Noël Wells (SNL/Master Of None) - Still Sleeping - Featured Artist
It’s hard to imagine Noël Wells was at a crossroads given her previous successes. In the years prior to now, she was a cast member on Saturday Night Live, the inimitable Rachel on Master of None, and the writer, director, and star of the award-winning indie feature film Mr. Roosevelt which continues to garner fans in the streaming space. After juggling roles in the worlds of comedy, television, and film, Wells never let her creativity or ambition pause. Which explains why now, with her debut album It’s So Nice, an 11 song LP that cinches Wells’ as not just a talent to watch, but a multihyphenate artist finding her voice.
“It kind of came as a surprise,” she says, referring to the songs that would eventually make up the 11 song LP. While Wells participated in band in middle school, and considered herself relatively musical, she had never actively entertained a career in music. But after experiencing an emotionally volatile 2016, including career frustrations, a breakup, and the national tumult that surrounded the election, she found herself writing poems to cope, and after buying a guitar and taking lessons, she eventually started writing songs. “They were just pouring out of me. I have always been somewhat of a songbird, but when I would sing it felt like I was imitating someone else, and so I never pursued it. Out of all this heartache I suddenly found I was singing in what felt like my real voice, there was no pretense, there was no filter. I felt almost possessed, like I had to get them out.” She spent the next year polishing the songs, taking guitar lessons, and eventually looking for collaborators to help her record. “I knew the songwriting was really good, and the songs were saying things I wanted to say much better than if I just said them. I wanted to do them justice.”

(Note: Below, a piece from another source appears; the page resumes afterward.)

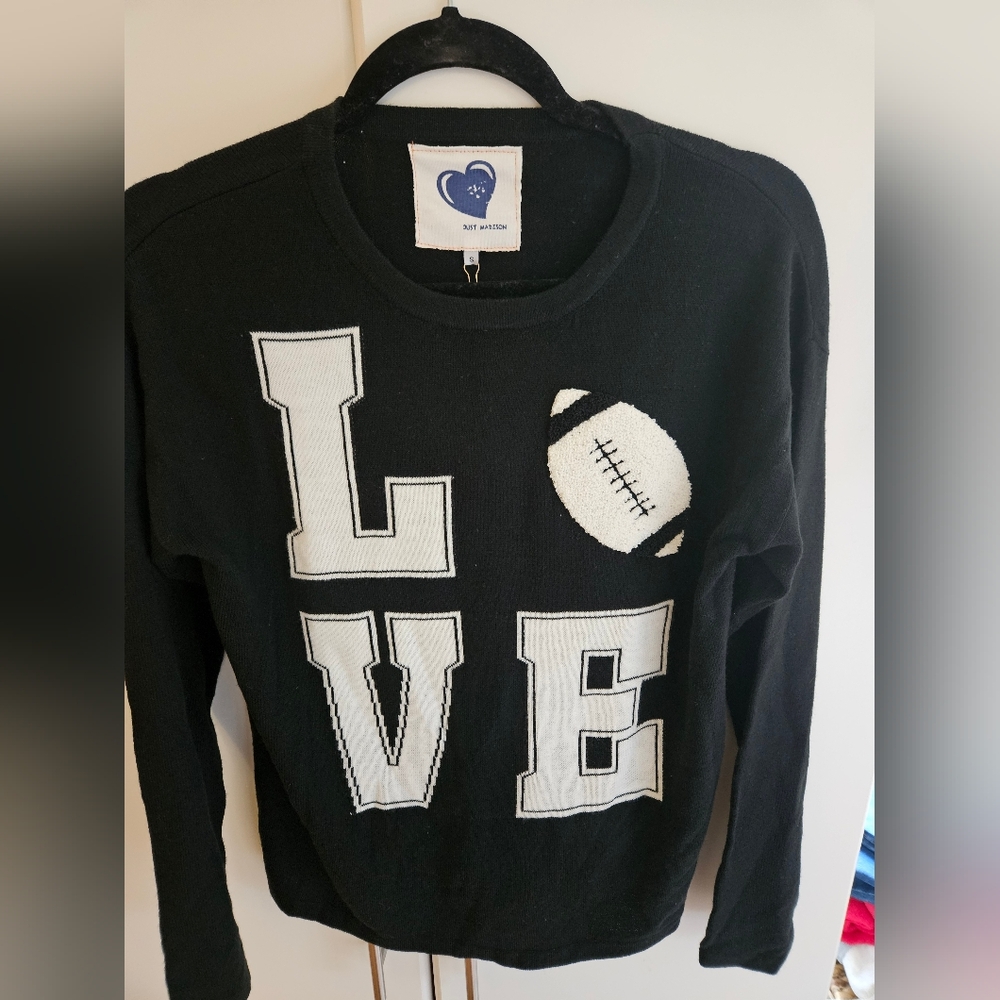 Madison Black Crew Neck Sweater with White LOVE Design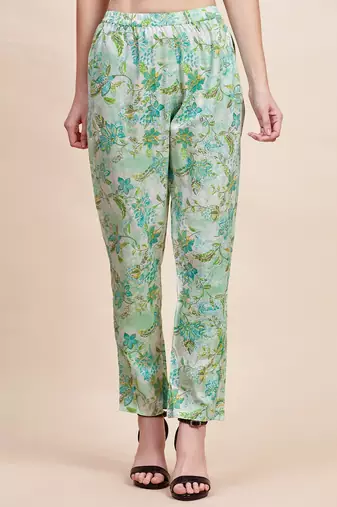 Sea green floral printed mandarin collar tunic & trousers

It’s So Nice is an engaging catchy song experience that saunters through a diverse set of folk pop songs, country ballads, and bonafide indie rock earworms. While beautifully and tastefully produced, what’s most striking is the songwriting. At times deceptively simple, the tightly composed lyrics are filled with timeless aphoristic one- liners, sometimes serious, sometimes political, sometimes lighthearted and witty, akin to songwriters like John Lennon (Sunrise) or Tom Petty (Brighter Day), both whom Wells’ cautiously sites as influences. Under the guise of her playful persona, she deftly and poetically addresses the very confusion, patronization, and heartbreak that got her behind the guitar in the first place. “It’s easy to blame your unhappiness on something outside of you, the world is messed up. And I am totally aware and can make fun of myself about how many songs there are about being a woman on this record, but I really was going through it man. Like, oh wait, maybe life is hard not because there’s something I am doing wrong. Maybe it’s hard because culturally we really have this deep hatred of women, all of us. But then again, who is responsible for making me feel better? And I realized, at the end of the day, what if most of my woes really stem from how much I really don’t like myself? It’s a floodgate that had to be reckoned with.”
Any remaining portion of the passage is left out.